2. “Baby Talk”- The scenario: I get introduced to a new member of our church. When chit-chatting with me she smiles constantly, and the tempo of her speech lowers as the volume of her voice grows. She seems to switch vocabularies so no words beyond two syllables are used, and every word is over-enunciated. Phrases like “Good for you,” “Isn’t that nice,” etc., come up very often.
This is a picture of patronization painted with broad strokes. However, a less severe version is quite common, especially among older people. (#1 is more common with younger people.) For me at least, patronization isn’t a huge annoyance or source of frustration. It only comes up with people who don’t know me, so I don’t deal with it a lot. And, at bottom, they’re just trying to be nice without quite knowing the right approach. Patronizers mean well, they’re just a bit ignorant.
I suppose there’s an assumption that those with physical disabilities also have some mental disability. This is true in a lot of situations, but most people I know with severe physical disabilities are “all there.” I’d recommend that, if you were unsure about the mental capacity of someone in a wheelchair, assume that they are of average intelligence. If you’re wrong you’ll soon find out. If you’re right, you’ve avoided playing the fool. Besides, I find that looking at someone’s facial expression and/or eyes gives a pretty good indication of their mental capacity.
3. “Pullin' a Jerry Seinfeld”- Some people, usually strangers, use some awful humour in what is an attempt, I think, to show that they’re totally comfortable with someone who has a disability. I don’t know how many people have chuckled at their incredible wit after warning me that if I don’t slow down I’ll get a speeding ticket.
I suppose it’s some sort of defense mechanism, but who knows. The only thing I know is that it’s not funny (anymore). However, such comedians mean well so what’s the harm.
A Tip- One thing I notice in some people, and have come to appreciate, is an attempt to talk at my level. My eye level, that is. When someone 6-foot 6 goes down on a knee during our conversation so I don’t have to stare up at him the whole time, well, it’s a kind gesture. Not mandatory, but appreciated.

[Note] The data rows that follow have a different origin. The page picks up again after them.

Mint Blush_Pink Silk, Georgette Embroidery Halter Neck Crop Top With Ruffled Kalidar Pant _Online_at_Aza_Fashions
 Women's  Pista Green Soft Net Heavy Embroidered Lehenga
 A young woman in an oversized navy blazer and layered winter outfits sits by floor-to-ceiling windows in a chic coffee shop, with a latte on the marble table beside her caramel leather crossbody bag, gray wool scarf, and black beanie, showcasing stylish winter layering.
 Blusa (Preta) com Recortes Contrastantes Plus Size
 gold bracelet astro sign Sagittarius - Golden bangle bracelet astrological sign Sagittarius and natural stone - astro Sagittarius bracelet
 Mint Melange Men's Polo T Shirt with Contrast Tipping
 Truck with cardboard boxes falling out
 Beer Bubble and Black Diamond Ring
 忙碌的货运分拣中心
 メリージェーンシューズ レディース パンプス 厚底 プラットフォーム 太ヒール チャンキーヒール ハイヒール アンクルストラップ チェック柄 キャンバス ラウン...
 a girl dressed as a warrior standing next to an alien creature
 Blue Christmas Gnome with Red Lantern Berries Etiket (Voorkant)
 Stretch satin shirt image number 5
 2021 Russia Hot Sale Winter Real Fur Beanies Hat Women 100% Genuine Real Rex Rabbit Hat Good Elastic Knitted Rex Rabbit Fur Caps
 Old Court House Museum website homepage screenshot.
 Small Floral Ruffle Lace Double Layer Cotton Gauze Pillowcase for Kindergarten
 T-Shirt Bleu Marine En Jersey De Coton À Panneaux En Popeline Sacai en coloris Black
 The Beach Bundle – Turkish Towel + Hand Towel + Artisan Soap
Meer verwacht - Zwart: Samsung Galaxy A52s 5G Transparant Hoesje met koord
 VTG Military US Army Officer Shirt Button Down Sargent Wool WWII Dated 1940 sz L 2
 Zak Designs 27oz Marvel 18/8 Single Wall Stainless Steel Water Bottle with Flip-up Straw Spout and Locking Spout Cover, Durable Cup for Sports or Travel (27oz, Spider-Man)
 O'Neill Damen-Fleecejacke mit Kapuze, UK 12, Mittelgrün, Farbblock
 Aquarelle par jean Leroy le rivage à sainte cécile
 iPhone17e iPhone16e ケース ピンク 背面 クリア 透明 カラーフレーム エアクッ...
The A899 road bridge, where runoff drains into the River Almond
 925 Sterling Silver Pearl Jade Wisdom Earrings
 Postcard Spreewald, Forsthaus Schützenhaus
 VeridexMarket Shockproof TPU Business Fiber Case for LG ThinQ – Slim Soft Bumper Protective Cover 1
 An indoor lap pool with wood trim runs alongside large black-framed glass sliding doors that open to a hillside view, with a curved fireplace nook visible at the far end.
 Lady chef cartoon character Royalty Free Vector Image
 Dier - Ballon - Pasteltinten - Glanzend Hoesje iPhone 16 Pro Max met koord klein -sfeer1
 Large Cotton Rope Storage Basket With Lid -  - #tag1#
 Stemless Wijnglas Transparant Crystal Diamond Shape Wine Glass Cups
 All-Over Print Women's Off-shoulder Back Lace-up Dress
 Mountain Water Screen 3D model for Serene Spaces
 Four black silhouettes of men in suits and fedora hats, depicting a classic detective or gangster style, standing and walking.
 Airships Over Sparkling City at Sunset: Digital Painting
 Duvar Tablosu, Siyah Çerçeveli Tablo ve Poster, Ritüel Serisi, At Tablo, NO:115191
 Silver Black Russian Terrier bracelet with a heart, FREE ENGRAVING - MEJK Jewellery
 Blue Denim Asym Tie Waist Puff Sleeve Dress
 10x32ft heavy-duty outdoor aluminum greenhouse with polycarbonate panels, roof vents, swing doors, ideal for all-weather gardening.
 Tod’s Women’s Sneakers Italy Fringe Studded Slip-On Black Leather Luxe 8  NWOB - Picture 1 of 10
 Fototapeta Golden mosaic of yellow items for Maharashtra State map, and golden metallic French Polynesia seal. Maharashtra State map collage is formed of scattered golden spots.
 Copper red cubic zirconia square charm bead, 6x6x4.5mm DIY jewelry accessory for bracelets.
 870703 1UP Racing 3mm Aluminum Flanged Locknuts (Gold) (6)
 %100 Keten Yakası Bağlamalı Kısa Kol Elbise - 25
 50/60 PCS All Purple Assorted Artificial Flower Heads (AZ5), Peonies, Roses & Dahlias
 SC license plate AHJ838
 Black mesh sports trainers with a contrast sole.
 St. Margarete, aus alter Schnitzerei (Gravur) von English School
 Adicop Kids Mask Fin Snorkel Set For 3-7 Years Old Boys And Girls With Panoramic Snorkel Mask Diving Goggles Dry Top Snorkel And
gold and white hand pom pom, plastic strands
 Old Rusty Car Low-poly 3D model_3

Lest all this complaining distorts the truth, I must say that I have never had any real troubles from anyone I’ve met. I was never teased in Grade School, never ignored in High School, and respected thus far in University. In fact, at least in my own experience, my disability seems to bring out the best in those around me, who are cheerfully helpful whenever I need them to be and more than friendly always. My advice to those who might be reading this (i.e. Redeemer students who know me) is to keep up the fine work. And thanks.